David Wojnarowicz Films + Curator Talks
Screening

World AIDS Day: David Wojnarowicz Films + Curator Talks

Thursday, Dec 01, 2016
12:00 p.m. - 6:00 p.m.
The Broad
Tickets Free (Included with General Admission Tickets)

Overview

“When I was told that I’d contracted the virus, it didn’t take me long to realize that I’d contracted a diseased society as well.” —David Wojnarowicz, Postcards from America, X-Rays From Hell, 1989

On the occasion of World AIDS Day, The Broad is pleased to present a selection of films by David Wojnarowicz as well as curator-led conversations about his paintings in the galleries. David Wojnarowicz is an artist and activist of profound importance who worked in New York City in the 1980s during the years of the AIDS crisis, bravely and unapologetically making artwork about AIDS and homosexuality during a time when both were subjected to deep stigma and discrimination.  Wojnarowicz died in 1992, his life tragically cut short by AIDS.

All of the paintings in the Broad collection by David Wojnarowicz are currently on view at The Broad. In the third-floor galleries are Some Things from Sleep: For Jane and Charley, 1986 and The Newspaper as National Voodoo: A Brief History of the U.S.A., 1986.  The third painting, Late Afternoon in the Forest, 1986 is featured prominently on the first floor in Creature, on view from November 5, 2016 through March 19, 2017. View works by David Wojnarowicz in the Broad collection.

Wojnarowicz’s films will be shown in the Oculus Hall at 12, 2, 4, and 6 p.m. Curator talks on the Wojnarowicz works will take place in the galleries at 1, 3, and 5 p.m. 

Admission to The Broad's World AIDS Day films and curator talks is included with a general admission ticket to visit on Thursday, December 1. Advance ticket reservations for December 1 are fully booked. If you would like to attend any of the talks or films, a standby line will be available at the museum.


David Wojnarowicz. A Fire in My Belly (A work in progress), 1986-87. Courtesy Electronic Arts Intermix (EAI), New York.

Films

Heroin, 1981. 16mm on digital video. Black-and-white, silent, 2:33min.

A Fire in My Belly (A Work in Progress), 1986-1987. Super 8 film on digital video. Color and black-and-white, silent, 13:06min.

A Fire in My Belly Excerpt, 1986-1987. Super 8 film on digital video. Color and black-and-white, silent, 7:00min.

David Wojnarowicz and Steve Doughton, Around Clown, 1987. Music by David Markey. Super 8 on digital video, 3:00min.

David Wojnarowicz (in collaboration with Jesse Hultberg), Beautiful People, 1988. Super 8 on digital video, silent, 34:00min.

 

Marion Scemama and David Wojnarowicz

Inside This Little House, 1 989. 3:16min.

What is this Little Guy's Job, 1989. 2:05min.

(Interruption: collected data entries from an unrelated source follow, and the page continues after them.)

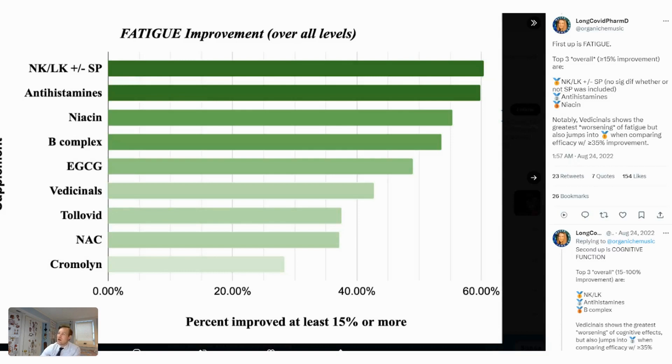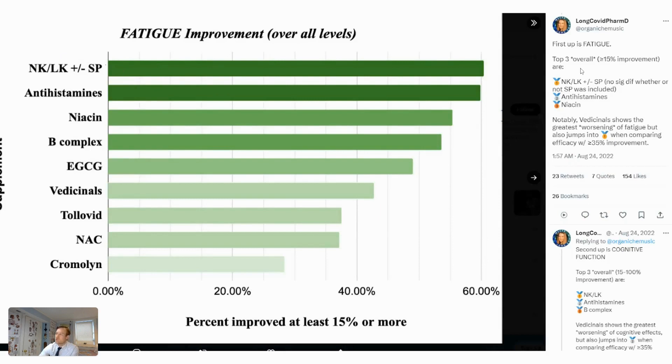This is looking at fatigue improvement. And look, natokinase, NK, in combination with lumbar kinase and or seropeptidase, has really helped people. And that might be important for several reasons.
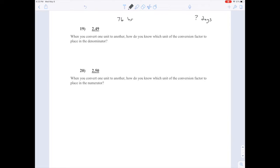To do any conversion you need a conversion factor that relates those two units. So how do hours relate to days? Well, we know that there are twenty-four hours in one day. And that's all the information you need.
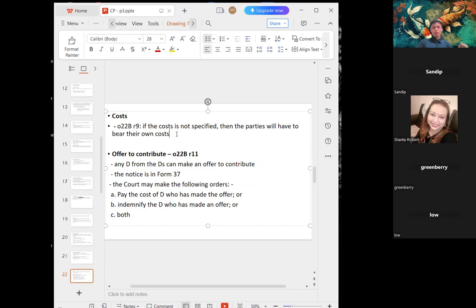Regarding costs when there is an offer to settle: since there is no win or lose outcome, the parties bear their own costs unless specified. When costs are not specified, the parties bear them on their own.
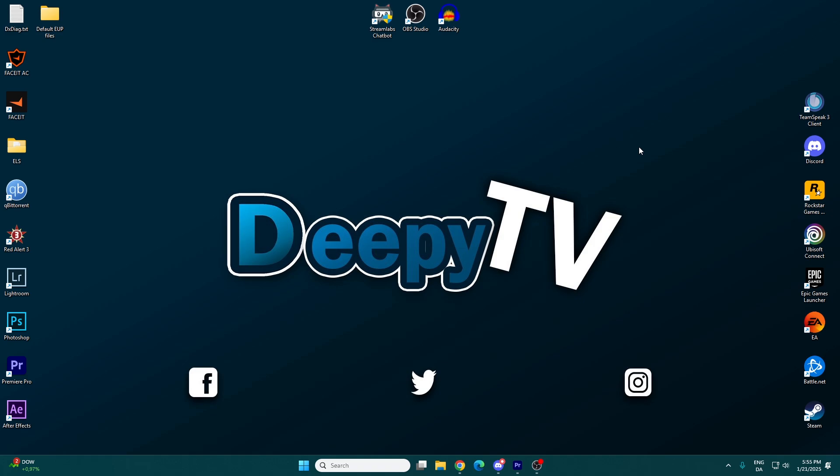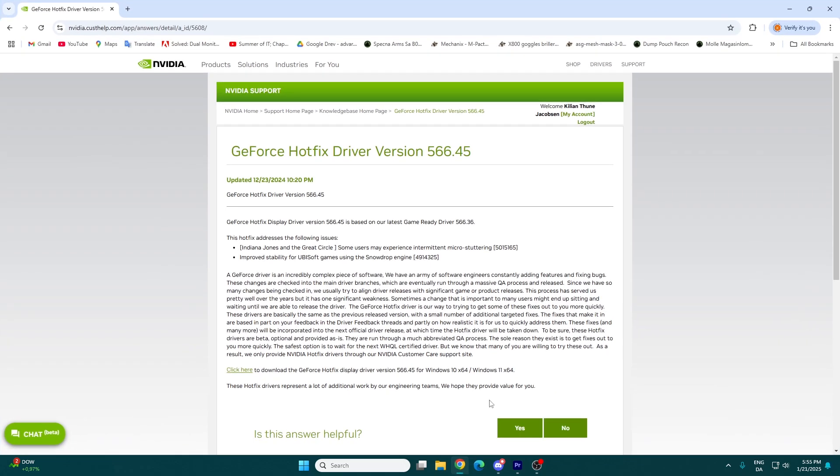Before that, when I had the issue with the DirectX error, my game would crash every one or two minutes. There was nothing I could do. What I want you to do is go to this website. This is from NVIDIA, and this is a GeForce hotfix driver. This hotfix just fixes it for you.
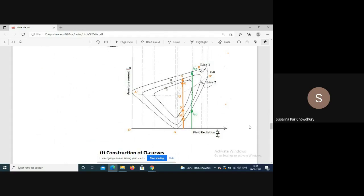For each power we get a curve of similar shape but smaller area. These curves are called O-curves. Basically, the lower portion of the O-curve is the V-curve, and the upper portion is the unstable region.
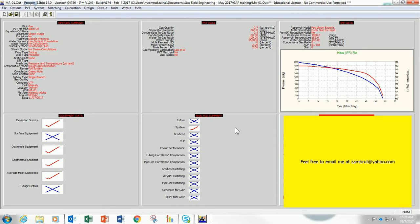Let's go ahead. In this video I will show you how to display the result from the system calculation, which is the default PROSPER calculation. Because if someone asks you to run a PROSPER model using a set of operating conditions, most probably system calculation is the one they are referring to. So let's click system calculation here.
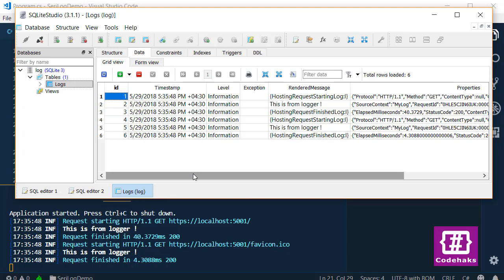In this video, we replaced the logger system with Serilog and saved our logging data into a database. I hope you enjoy.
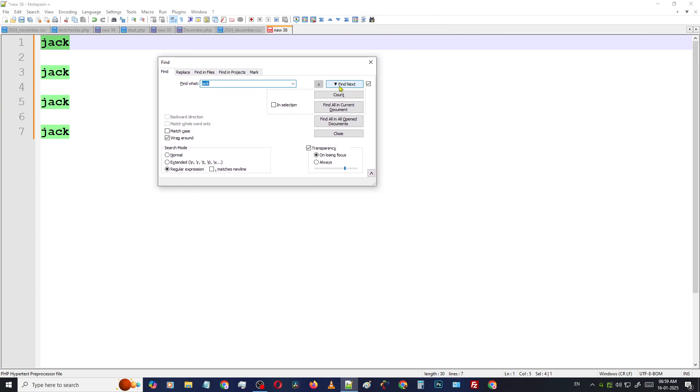Then you can see the right side of the toolbox. There is an option for count. Just click that button. Then here is the result. There are four matches in the entire file. This particular file contains four Jack names.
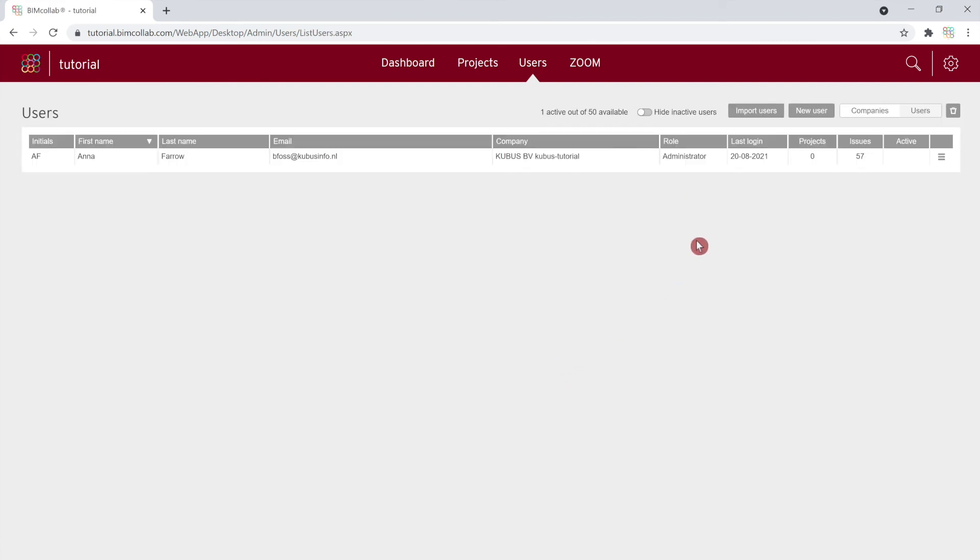Now that you've learned how to set up the initial information of your BIM Collab space, watch the next video to learn more about the BIM Collab workflow.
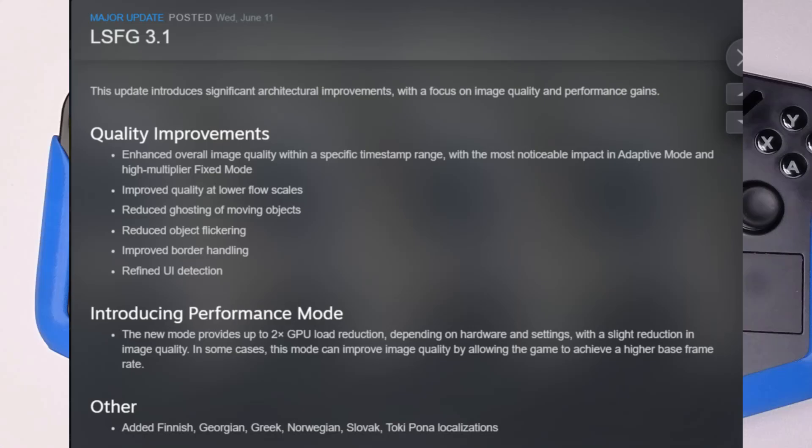What's up legioners, welcome to another video. Lossless Scaling got a new update titled LSFG 3.1. With this you get some quality improvements: enhanced overall image quality within a specific timestamp range, improved quality at lower flow scales, reduced ghosting of moving objects, reduced object flickering, improved border handling, and refined UI detection.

When I Put My Hands on Your Body, 1989. 4:09min. Music: Ben Neill. Actors: Paul Smith and David Wojnarowicz

Last Night I Took A Man, 1989. 4:33min.

After Word, 1989. 1:34min.

Super 8 on digital video. Color with sound.

Texts and Performances unless otherwise noted: David Wojnarowicz; Camera and Direction: Marion Scemama

Editing: François Pain

 

David Wojnarowicz and Ben Neill, ITSOFOMO (in the shadow of forward motion), 1989-1991. DVD. 22:00min

 

Courtesy of P.P.O.W and Electronic Arts Intermix (EAI), New York. 


About World AIDS Day

World AIDS Day, designated on December 1 every year since 1988, is an international day dedicated to raising awareness of the AIDS pandemic caused by the spread of HIV infection, and mourning those who have died of the disease. Government and health officials, non-governmental organizations, and individuals around the world observe the day, often with education on AIDS prevention and control.

World AIDS Day is one of the eight official global public health campaigns marked by the World Health Organization (WHO), along with World Health Day, World Blood Donor Day, World Immunization Week, World Tuberculosis Day, World No Tobacco Day, World Malaria Day, and World Hepatitis Day.

Since opening its doors in 2015, The Broad has presented annual programming for World AIDS Day to commemorate the many who have lost their lives to the pandemic, to recognize the many still living with HIV/AIDS, and to acknowledge that, globally speaking, the AIDS crisis is not over. At the height of the AIDS crisis in the 1980s, artists became activists and activism grew into an art form. Prime examples of this include Broad collection artists Keith Haring and David Wojnarowicz (both of whom died of AIDS-related complications), Ross Bleckner, who started his practice dealing with the AIDS epidemic in 1980s, and Mark BradfordGlenn Ligonand Jenny Holzer, who continue to use their artistic voices to highlight the need for public awareness around HIV/AIDS.